▶ Provided records
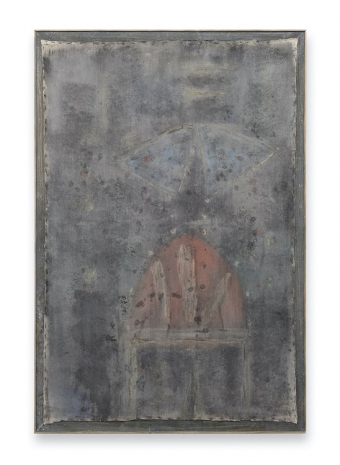 Erwin Gross, untitled, 2025, Galerie Bernd Kugler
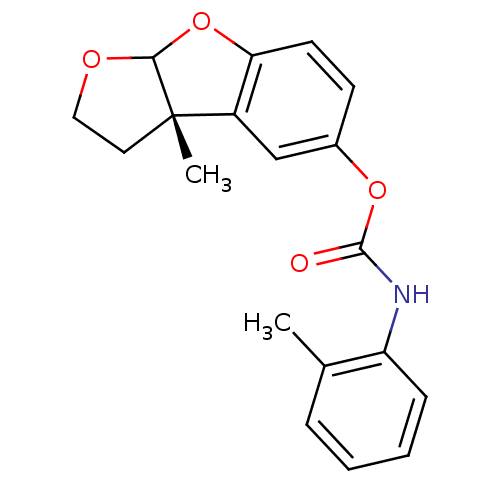 Chemical structure of BindingDB Monomer ID 10600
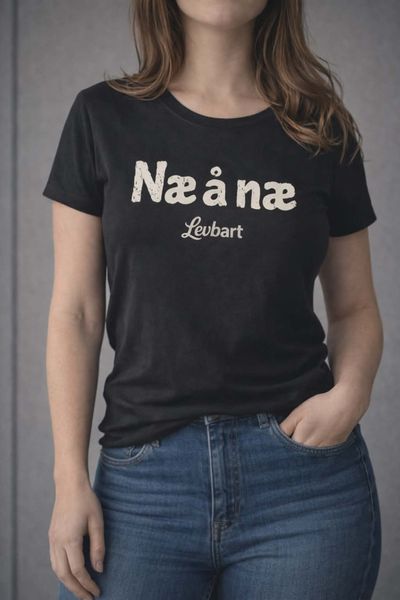 Næ å næ - LEVBART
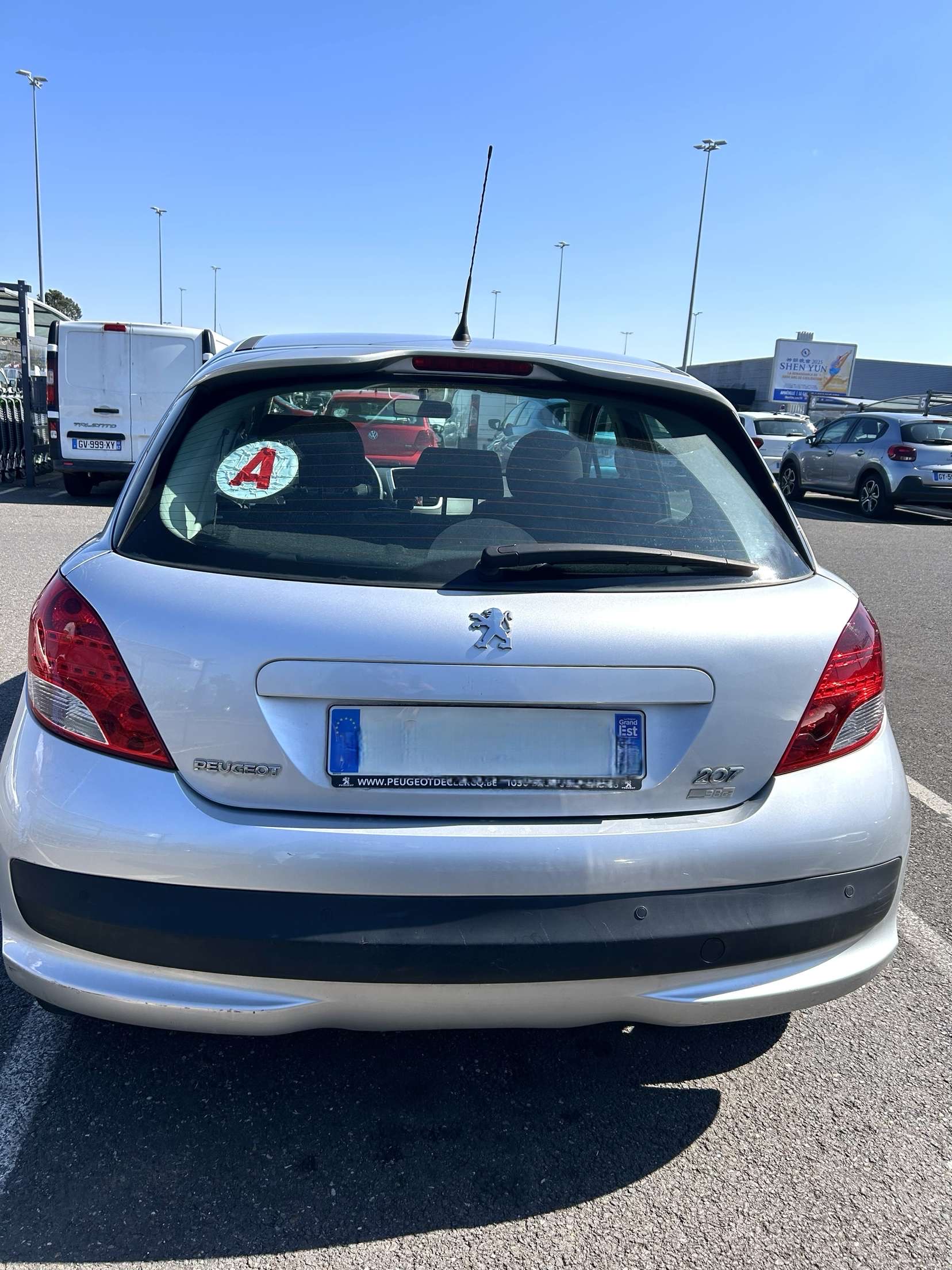 Peugeot 207 (2) 1.6 HDI 92 FAP 5CV 98G 5P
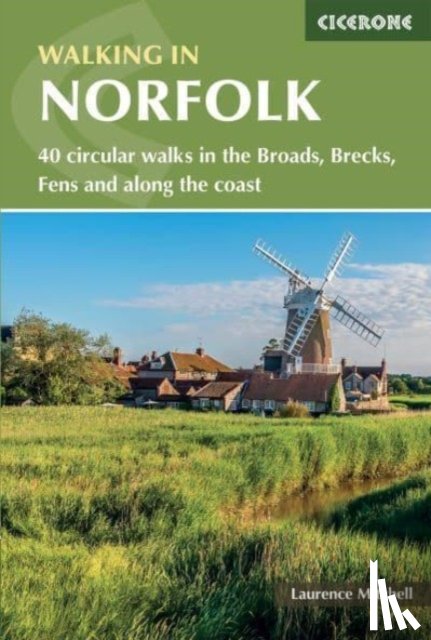 Mitchell, Laurence - Walking in Norfolk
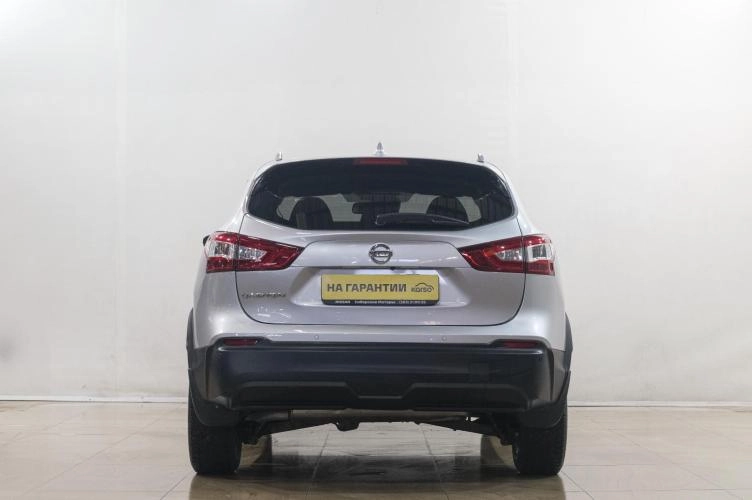 Nissan Qashqai 5 из 5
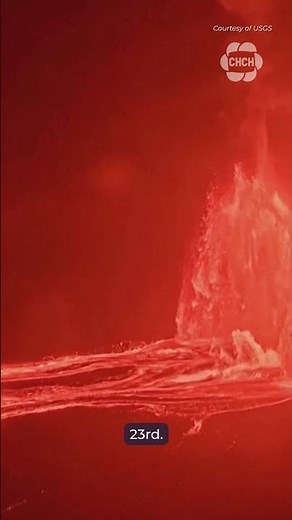 Trespassers get too close to eruption at Hawaii's Kilauea volcano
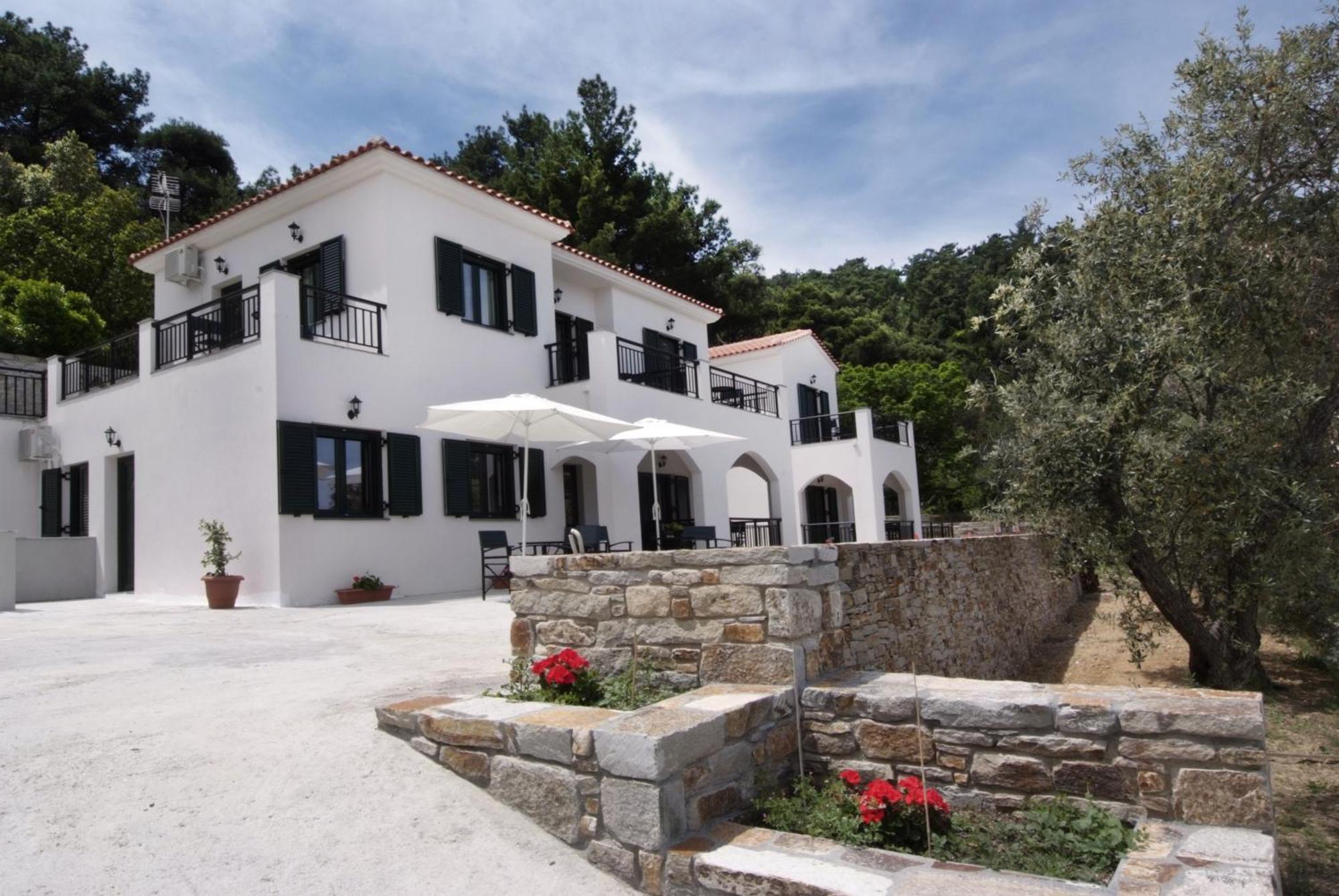 Eri Rooms To Let Raches  Exterior foto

▶ What you need to do
Pictures aside, repeat every line of the data above exactly.

▶ Exercise answer
 Erwin Gross, untitled, 2025, Galerie Bernd Kugler
 Chemical structure of BindingDB Monomer ID 10600
 Næ å næ - LEVBART
 Peugeot 207 (2) 1.6 HDI 92 FAP 5CV 98G 5P
 Mitchell, Laurence - Walking in Norfolk
 Nissan Qashqai 5 из 5
 Trespassers get too close to eruption at Hawaii's Kilauea volcano
 Eri Rooms To Let Raches  Exterior foto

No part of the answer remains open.